Campfires, tall tales and fire flies

Fire has fascinated and terrified me.

As a kid, I remember toasting marshmallows on an open fire, learning to put the marshmallow next to some glowing embers and slowly letting it turn a caramel brown with warm insides instead of sticking the mallow into the flames and burning it to a crisp while the middle stayed hard.

I loved the sound of the log’s crackle and pop, watching in a hypnotic trance as they transformed from muddy brown to scarlet orange.

The smoke smell gets into your hair but you don’t mind because the feeling of comfort overwhelms you as the stars twinkle overhead.

Then there’s the terror of a house fire. I was visiting my grandparents many years ago, and my grandfather was sitting in his usual place near a big picture window that overlooked the street.

Across the street, a house was on fire.

“That thing’s really going up,” I said to him.

“Yes it sure is,” he calmly said, sitting there watching the flames against the dark sky.

A few minutes later, my aunt came rushing into the room.

“Dad, your house is on fire!” she yelled.

He shook his head in agreement and continued to watch the flames get higher and higher.

“You own that house?” I asked him.

He shook his head yes as my aunt continued to pace the room and curse the fire department.

“Why aren’t you more upset?” I asked him.

He shrugged his shoulders and sighed.

“What’re you going to do,” he said, resignation and acceptance in his voice.

Years later, after my grandparents had both passed away, their grand house at the top of the hill burned beyond rescue, the result of some druggies illegally in the house.

But small campfires are cozy and comforting on a cold night. It had been years since I’d sat around a campfire, so I was thrilled when my husband suggested building a small campfire pit in our back yard.

He’d been on a Scout campout and the outing reminded him how much fun youngsters can have around a campfire. He brought home some stones, a few logs and built a small fire ring in our back yard.

The grandchildren were visiting that weekend, and they were thrilled when he said we’d have a campfire and marshmallow roast.
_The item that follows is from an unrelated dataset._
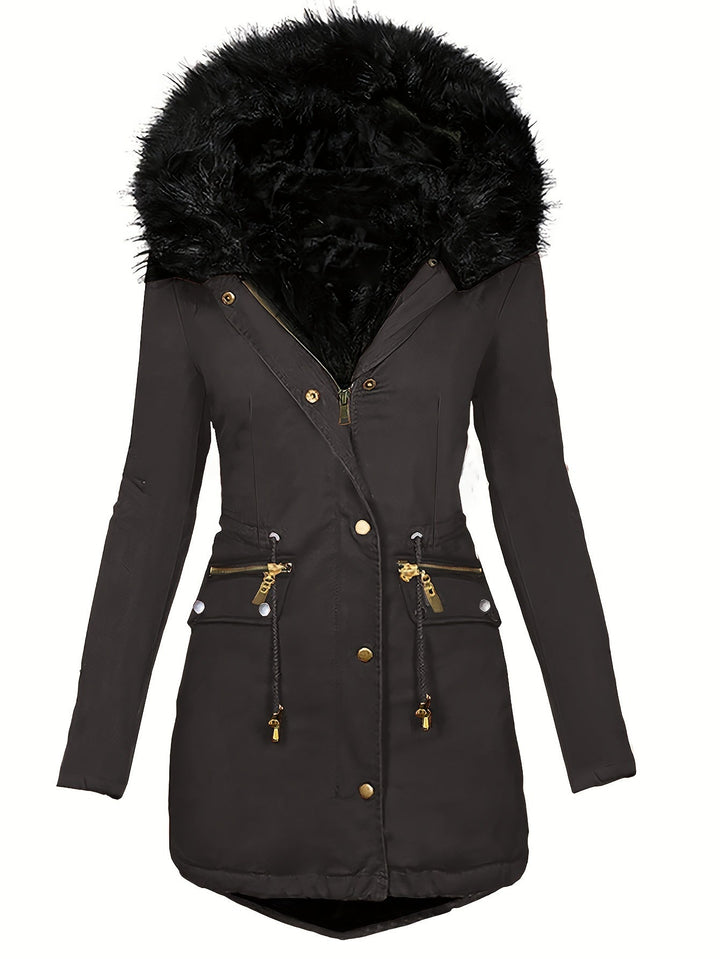Drune | Damen Winterparka mit Kapuze und Kunstpelzkragen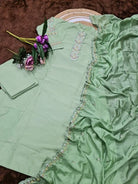 Pastel Green Muslin Silk Anarkali Suit Set - BONYHUBSALWAR KAMEEZ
The boys from across the street came over, and we pulled some lawn chairs up around the fire.

As the flames danced, one of the boys decided to tell a scary story.

No campfire ghost story is complete without a flashlight held underneath a boy’s chin to illuminate the mental images he’s describing, and this night was no different. Except the “monster” in the story was a giant chicken nugget.

We all had a good laugh about the monster nugget, and then Luke passed the flashlight around the circle until each child had a turn at embellishing the story. While they waited their turn, the kids roasted marshmallows, each finding their favorite sweet spot in the flames.

Sitting outside with loved ones with no electronics, no television and no music reminded me that simple pleasures are always the best.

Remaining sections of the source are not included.